What we really liked in Porto:
Porto’s riverside quarter is a magical labyrinth of narrow, winding streets, zigzag alleyways and arcades. We loved getting lost in these small, medieval streets. Porto's riverside quarter, known as the Ribeira, is one of the city's oldest neighborhoods. The area was designated a UNESCO World Heritage Site in1996. The Dom Luís I bridge is a true icon of the city and a marvel of 19th century engineering. The bridge spans across the River Douro between Porto on the north bank and Vila Nova de Gaia on the south bank. It was designed by German architect Téophile Seyrig, a business partner of French engineer Alexandre Gustave Eiffel. Originally meant for road traffic, now the upper part carries the Porto metro and a pedestrian walkway, while the lower deck is for road traffic
and pedestrians as well.
One of the best things that you can do in Porto is winetasting. From Ribeira, cross the D. Luís foot bridge and you’ll see the wine cellars.
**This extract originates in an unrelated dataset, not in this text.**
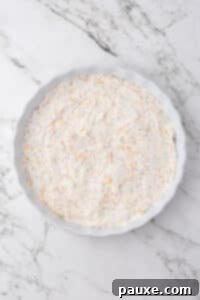 Baked Pepperoni Pizza Dip 13 Cream cheese layered in the bottom of a round baking dish, dotted with cheddar cheese.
Choose one and enjoy the Port wine while watching the river with the boats and enjoying the sunshine.
The Santa Catarina street is where you should head for shopping in Porto. This pedestrian street in the high part of the city begins in Batalha square, where you can see the church of San Antonio de los Congregados.
If you are both a traveler and a Harry Potter fan, you have to visit the Lello bookshop which inspired some of the Harry Potter stories.
A visit to Porto is never complete without tasting one of its most iconic dishes, the king of sandwiches, the Francesinha. This dish was created by Portuguese immigrants to France. Francesinha is made with bread ham, Linguiça (a Portuguese sausage), steak or roast beef, everything covered with melted cheese and a special tomato and beer sauce. Most of the times it’s served with a fried egg on top and French Fries that you can dip in the sauce. The best places are full, so it is worth to make a reservation in advance.
After such an amazing experience, we could do only two things: buy a bottle of Port wine and check our calendar to schedule our next Portuguese vacation.